Using Rviz with the Simulator
Once the simulator is running, you can setup rviz2
the same way you would for the physical Neato.
Shutting Down the Simulator
Go to the terminal where you launched Gazebo and hit control-c.
Support for Multiple Neatos (beta)
We now have beta support for connecting to two (or more) Neatos simultaneously. There are a few rough edges right now, but all of the functionality is available.
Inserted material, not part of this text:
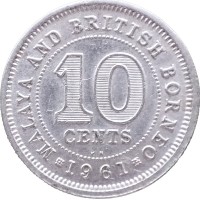 Монета Малайя и Борнео 10 центов 1961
To get started, you’ll have to switch your neato_packages
branch over to multiagent_support
and then rebuild ros2_ws
(eventually we will merge the multiagent_support
branch into main
).
$ cd ~/ros2_ws/src/neato_packages
$ git pull
$ git checkout multiagent_support
$ cd ~/ros2_ws
$ colcon build --symlink-install
$ source install/setup.bash
You can now connect to the Neatos using the following commands (making these shorter is one of the rough edges we are hoping to smooth out).
Launch the first Neato.
$ ros2 launch neato_node2 bringup_multi.py host:=neato1-ip-address-here robot_name:=robot1 udp_video_port:=5002 udp_sensor_port:=7777 gscam_config:='udpsrc port=5002 ! application/x-rtp, payload=96 ! rtpjitterbuffer ! rtph264depay ! avdec_h264 ! videoconvert'
Launch the second Neato (if you are interested in generalizing this to more than 2 Neatos, take note of the things that change between the invocations other than the Neato IP addresses, e.g., the port numbers).
Launch the second Neato.
$ ros2 launch neato_node2 bringup_multi.py host:=neato2-ip-address-here robot_name:=robot2 udp_video_port:=5003 udp_sensor_port:=7778 gscam_config:='udpsrc port=5003 ! application/x-rtp, payload=96 ! rtpjitterbuffer ! rtph264depay ! avdec_h264 ! videoconvert'
If all goes well, you should see the following topics.
$ ros2 topic list
/robot1/accel
/robot1/bump
/robot1/camera/camera_info
/robot1/camera/image_raw
/robot1/camera/image_raw/compressed
/robot1/camera/image_raw/compressedDepth
/robot1/camera/image_raw/theora
/robot1/cmd_vel
/robot1/joint_states
/robot1/odom
/robot1/projected_stable_scan
/robot1/robot_description
/robot1/scan
/robot1/stable_scan
/robot2/accel
/robot2/bump
/robot2/camera/camera_info
/robot2/camera/image_raw
/robot2/camera/image_raw/compressed
/robot2/camera/image_raw/compressedDepth
/robot2/camera/image_raw/theora
/robot2/cmd_vel
/robot2/joint_states
/robot2/odom
/robot2/projected_stable_scan
/robot2/robot_description
/robot2/scan
/robot2/stable_scan
/rosout
/tf
/tf_static
Notice how the topics are now nested underneath the namespace robot1
and robot2
.
To test this out, you can launch the teleop node with a remapping rule to have it control either the first or second robot.
Control the first robot:
$ ros2 run teleop_twist_keyboard teleop_twist_keyboard cmd_vel:=robot1/cmd_vel
Control the second robot:
$ ros2 run teleop_twist_keyboard teleop_twist_keyboard cmd_vel:=robot2/cmd_vel
The coordinate frames have also been modified. For example, odom
becomes robot1odom
or robot2odom
depending on which robot you are working with.
A simple test to do with multiple Neatos is to drive them in unison!